Qual è lo stato della parola ai tempi dei social network?

Vediamo – come diceva Martin Buber– che sempre più La parola è gettata in pasto alle parole”. Sentiamo tutti di vivere in una sorta di Babele montante e incontrollabile dove ciascuno spara il suo pensiero nell’etere convinto che tutto ciò che esce dal proprio Ego sia necessario dirlo. Siamo nell’età della affabulazione e delle chiacchiere amplificate, nella sicurezza di spacciare come verità oggettiva tutto ciò che salti in mente. Nell’età della post-verità, dove persino si teorizza la legittimità della menzogna e della controinformazione, nulla risulta vero quanto le mezze falsità. Sommati assieme e rimestati quotidianamente, tutti questi veleni formano una poltiglia entro cui il senso sociale si impantana e spesso si incattivisce.

Dentro questa che lei definisce una “Babele” si sta giocando anche larga parte della campagna elettorale. Quali sono le parole che lei vorrebbe sentire nei programmi dei nostri politici?

Naturalmente è inevitabile che la sarabanda di parole di cui si è detto trovi la stura in una campagna elettorale. Non si potrebbe aspettarci diversamente, posto che la democrazia vive di parole e di argomentazioni.
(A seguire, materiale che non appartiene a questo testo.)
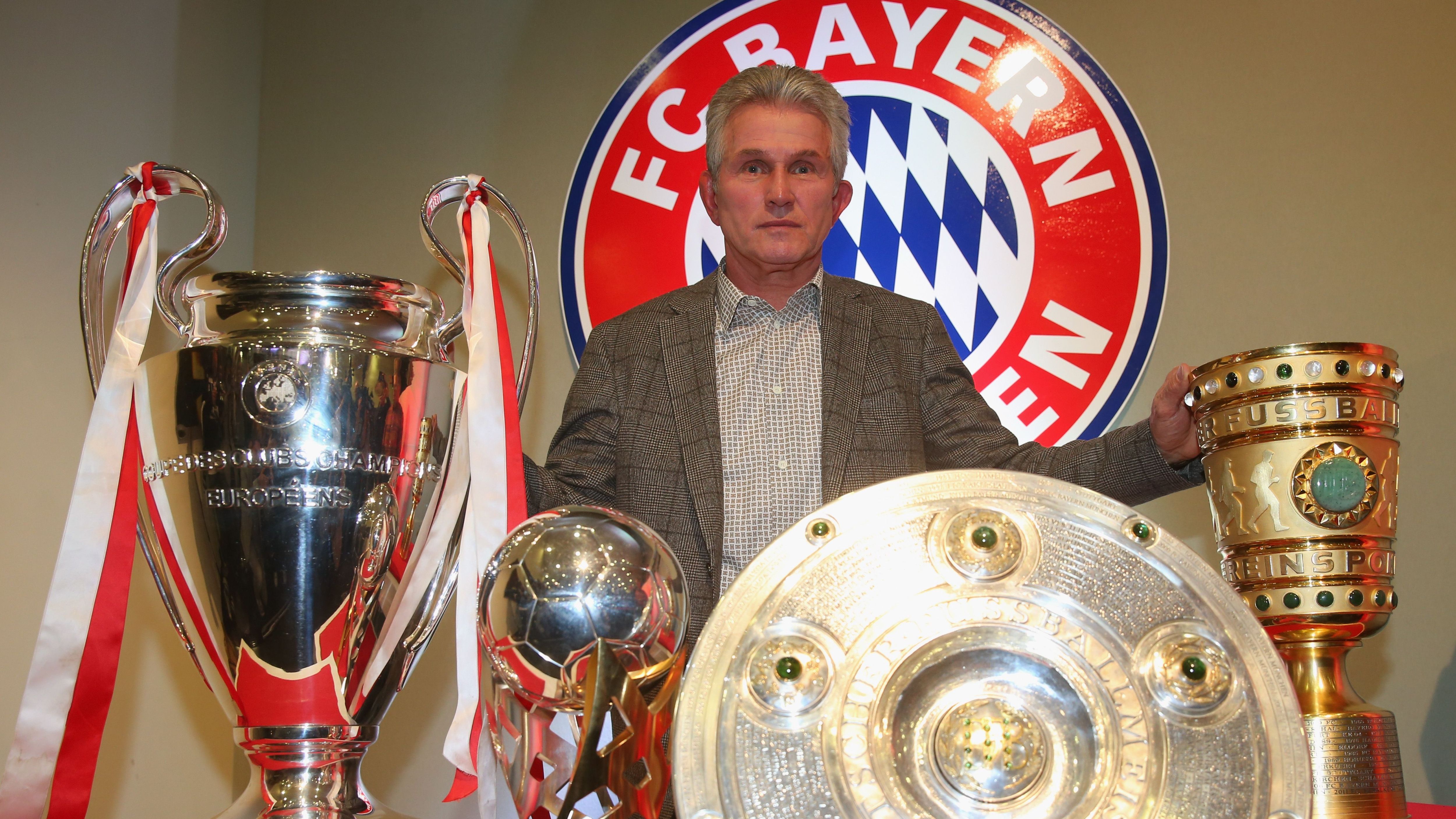 <strong>Jupp Heynckes 730 Tage (1.7.2011 - 30.6.2013)</strong><br>Es folgte: Jupp der 3.! Heynckes unterschrieb für zwei Jahre und machte sich mit dem Triple 2013 unsterblich.&nbsp;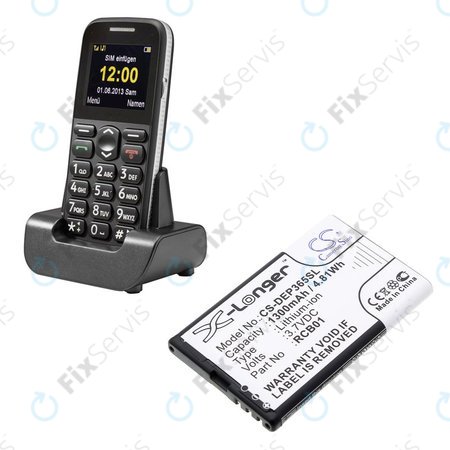 Batéria pre Doro Primo 365, 1300mAh, Li-Ion, 3.7V, RCB01, HQ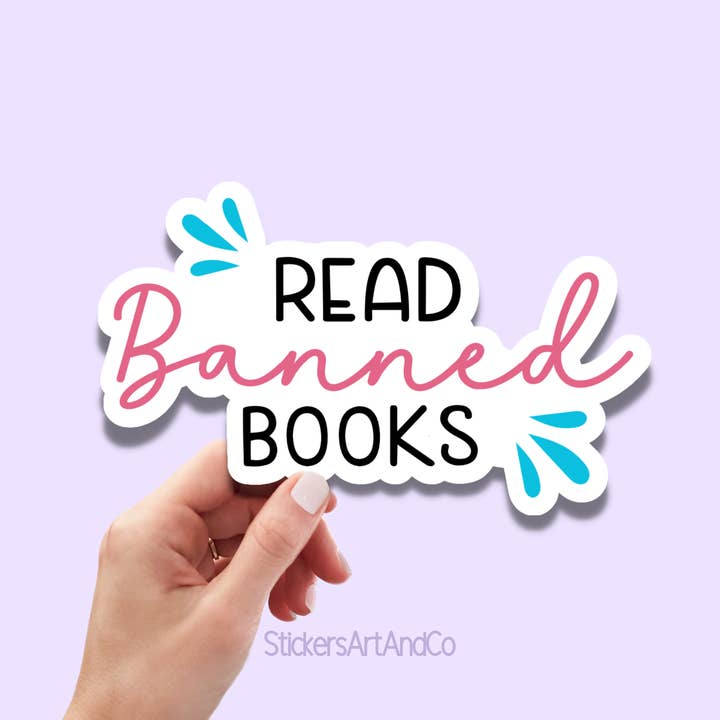 Stickers Art & Co - Wholesale Sticker - Read Banned Books Bookish Stickers / Book Club Waterproof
Guai se non ci fosse la libertà di sparare ciò che si pensa, anche se di queste sparate finiamo per non poterne più. Se avessimo il potere di dire la nostra ai politici affannati a rincorrere i gusti e gli umori degli elettori, li pregheremmo, per favore, di non rimestare nella parte oscura degli animi nostri, eccitando i nostri istinti egoistici e irrazionali. Chiederemmo di sforzarsi di connettersi alla parte buona e civile che in fondo è presente in ogni persona, usando parole soffici e buone. Parole, ad esempio che comprendano e rispettino i milioni di persone che nel mondo sono malate, abbandonate, oppresse, bombardate, affamate. L’“aver cura” (la care di Don Lorenzo Milani) ad esempio, sarebbe una espressione “buona”, così come l’accoglienza e l’apertura, il rendere onore alle diversità, alla solidarietà, al vivere in pace, ecc. Facendo attenzione poi al paradosso. Tante di queste nobili parole risultano purtroppo declamate a sproposito e abusate. Nella poltiglia del dibattito mediatico, spesso finiscono strumentalizzate, usate come specchietti per le allodole. Wystan Hugh Auden ci dice che esse finiscono involontariamente per essere “inzozzate, profanate, ridotte ad un orrido strillo meccanico”.

Quindi oggi circolano molte parole pericolose.

Le parole “sono” la realtà, la “costruiscono” di continuo. Purtroppo le parole astiose, brutte e infide filtrano nelle personalità suggestionabili e mandano poi in aceto la società. Le parole d’odio, di sopraffazione e di disprezzo, urlate con rabbia, vincono sempre su quelle miti e costruttive, esposte col dubbio. Il linguaggio arrogante diviene un’arma e difatti, come si vede, la propaganda d’odio è propedeutica alle guerre e pure alle cosiddette “operazioni speciali”. Non solo sui media, ma anche nella vita di tutti i giorni le parole che veicolano narcisismo e suprematismo (“Noi siamo i migliori”, “Noi siamo nel giusto”, “Voi siete sbagliati”…) creano di fatto tutti i problemi che ci affliggono. Gli operatori sociali sono forse i cittadini che avvertono con più sensibilità il veleno e la grazie delle parole. In questo senso si pongono come cittadini morali, per riprendere Hannah Arendt. Nel loro piccolo, sono dei modelli di come si parla, e a maggior ragione di come si vive, nelle proprie comunità.